If paddy farmers get a raise, wheat farmers in Rabi can also expect a similar dispensation. Wheat shares a competitive advantage with paddy

A requiem for pulses!

The announcement of substantial increments in MSP for Kharif is indeed good news for the agriculture sector. This will give the necessary boost to farmers' income, and also push up the demand in the rural areas. Moreover, the requirements of the PDS system, driven by the Right to Food Act also necessitate increased procurement, as well as sufficient reserves. And if paddy farmers get a raise, wheat farmers in Rabi can also expect a similar dispensation. Wheat shares a competitive advantage with paddy–the big off-take takes place to meet the commitments under the NFSA. But it is time the mandate of the NFSA is expanded beyond the wheat-rice duopoly, especially for districts which suffer from chronic malnutrition. The production and procurement of rice and wheat is more than sufficient to meet the food security requirements of the country in terms of cereals. And in recent years, the country is witnessing bumper production of pulses, and we are now in a position to meet our domestic requirements. So it's time to look beyond the usual!

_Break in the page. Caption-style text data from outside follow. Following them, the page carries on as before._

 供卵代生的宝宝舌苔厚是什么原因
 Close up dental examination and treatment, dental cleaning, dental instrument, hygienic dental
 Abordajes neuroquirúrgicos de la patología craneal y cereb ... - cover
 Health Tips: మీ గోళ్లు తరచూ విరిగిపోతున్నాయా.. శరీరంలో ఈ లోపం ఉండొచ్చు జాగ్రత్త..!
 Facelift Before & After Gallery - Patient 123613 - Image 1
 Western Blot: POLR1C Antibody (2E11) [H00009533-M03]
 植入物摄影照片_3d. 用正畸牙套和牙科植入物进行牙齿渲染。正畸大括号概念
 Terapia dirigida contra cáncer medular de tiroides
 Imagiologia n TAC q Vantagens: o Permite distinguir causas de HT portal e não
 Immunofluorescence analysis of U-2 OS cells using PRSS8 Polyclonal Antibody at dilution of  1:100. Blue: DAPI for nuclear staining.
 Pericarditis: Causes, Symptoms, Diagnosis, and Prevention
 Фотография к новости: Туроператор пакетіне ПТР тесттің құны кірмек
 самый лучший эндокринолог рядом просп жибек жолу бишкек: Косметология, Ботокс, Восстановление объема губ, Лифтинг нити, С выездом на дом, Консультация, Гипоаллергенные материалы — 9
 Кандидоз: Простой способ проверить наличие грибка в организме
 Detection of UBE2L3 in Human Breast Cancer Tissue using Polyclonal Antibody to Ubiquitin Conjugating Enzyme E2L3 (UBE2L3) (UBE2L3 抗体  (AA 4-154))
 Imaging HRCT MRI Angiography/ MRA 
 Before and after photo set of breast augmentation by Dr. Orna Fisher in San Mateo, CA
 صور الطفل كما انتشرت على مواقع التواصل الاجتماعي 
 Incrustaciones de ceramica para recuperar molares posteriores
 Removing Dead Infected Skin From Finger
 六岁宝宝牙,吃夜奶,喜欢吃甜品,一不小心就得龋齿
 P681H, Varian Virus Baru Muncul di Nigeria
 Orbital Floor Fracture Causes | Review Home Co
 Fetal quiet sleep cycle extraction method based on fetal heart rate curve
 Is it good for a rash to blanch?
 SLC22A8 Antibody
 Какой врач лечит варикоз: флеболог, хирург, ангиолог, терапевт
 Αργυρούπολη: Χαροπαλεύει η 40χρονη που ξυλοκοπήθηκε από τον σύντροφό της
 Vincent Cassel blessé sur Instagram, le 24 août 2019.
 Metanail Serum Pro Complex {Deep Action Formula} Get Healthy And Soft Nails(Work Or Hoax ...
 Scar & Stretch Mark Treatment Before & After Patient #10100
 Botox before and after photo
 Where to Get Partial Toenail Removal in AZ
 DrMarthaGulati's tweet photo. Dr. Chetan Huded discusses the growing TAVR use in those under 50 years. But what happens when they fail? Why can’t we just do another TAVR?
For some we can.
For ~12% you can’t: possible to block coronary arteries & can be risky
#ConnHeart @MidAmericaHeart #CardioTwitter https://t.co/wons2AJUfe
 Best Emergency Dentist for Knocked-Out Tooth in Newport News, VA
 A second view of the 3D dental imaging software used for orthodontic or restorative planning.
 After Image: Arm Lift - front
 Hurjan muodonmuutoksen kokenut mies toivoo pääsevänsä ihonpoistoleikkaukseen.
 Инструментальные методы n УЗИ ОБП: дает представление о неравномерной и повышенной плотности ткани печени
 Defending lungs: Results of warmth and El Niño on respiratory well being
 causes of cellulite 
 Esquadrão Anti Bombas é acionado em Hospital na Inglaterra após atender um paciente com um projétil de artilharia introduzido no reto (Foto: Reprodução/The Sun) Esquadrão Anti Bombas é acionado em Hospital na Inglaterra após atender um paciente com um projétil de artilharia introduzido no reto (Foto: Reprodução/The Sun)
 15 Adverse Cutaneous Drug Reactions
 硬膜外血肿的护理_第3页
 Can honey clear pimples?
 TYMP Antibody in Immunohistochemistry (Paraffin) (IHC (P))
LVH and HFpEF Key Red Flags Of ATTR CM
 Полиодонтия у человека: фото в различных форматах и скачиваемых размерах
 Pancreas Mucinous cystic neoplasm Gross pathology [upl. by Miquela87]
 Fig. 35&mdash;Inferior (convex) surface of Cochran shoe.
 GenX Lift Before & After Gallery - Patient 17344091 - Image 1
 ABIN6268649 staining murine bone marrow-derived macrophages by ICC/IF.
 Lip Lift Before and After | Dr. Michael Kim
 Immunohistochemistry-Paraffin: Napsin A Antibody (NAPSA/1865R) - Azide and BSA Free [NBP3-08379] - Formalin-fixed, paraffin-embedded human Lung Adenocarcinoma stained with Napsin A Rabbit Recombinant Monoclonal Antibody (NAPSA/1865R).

While working on a paper on the eco-system of India's Food Security, it became apparent to this columnist that when procurement of a commodity within a state is linked to consumption within the state itself, there is a virtuous cycle which has the potential of giving a major boost to agricultural incomes and rural prosperity. As wheat and rice are the principal crops – all the major players, vis the state government, Government of India (GoI), and Food Corporation of India (FCI) take full responsibility for procurement, logistics, and distribution – and thanks to technology interventions, the system has become quite streamlined. Moreover, with the near-universal coverage of Aadhaar card, it is now possible to track whether food grains are reaching the intended beneficiary or not. It is important to note that today we have both institutional strength and the technology to manage both procurement and distribution of food. It is also important to place on record that the government has taken pro-active steps towards the rehabilitation of NAFED – thereby making it possible for Union and interested state governments to undertake production of pulses, and indeed several state governments , including MP, Rajasthan, UP, West Bengal, Odisha, Punjab, and Haryana have taken advantage.

However, as pulses and oilseeds are not within the ambit of food security, the big problem is that even when the government takes the first steps towards procurement, where is the offtake? If the procured quantities are ploughed back into the market within the next few months, the prices of the next year's production will plummet. As such the Central and state governments should jointly work out a distribution mechanism of utilisation of the stock within PDS in the districts with the highest incidence of malnutrition in the country thereby creating a 'demand', stabilising the market, and preventing the recirculation of the same stock by intermediaries.

This columnist proposes that over and above the buffer stock, the holding stock of around 35 lace MTs should be sold to the PDS beneficiaries at subsidised rates of around 50 per cent of the market rate. The subsidy should be in the range of Rs 8000 crore, a small sum for the governments to ensure income security for farmers who grow pulses (usually marginal and small), and nutrition support to the most vulnerable districts.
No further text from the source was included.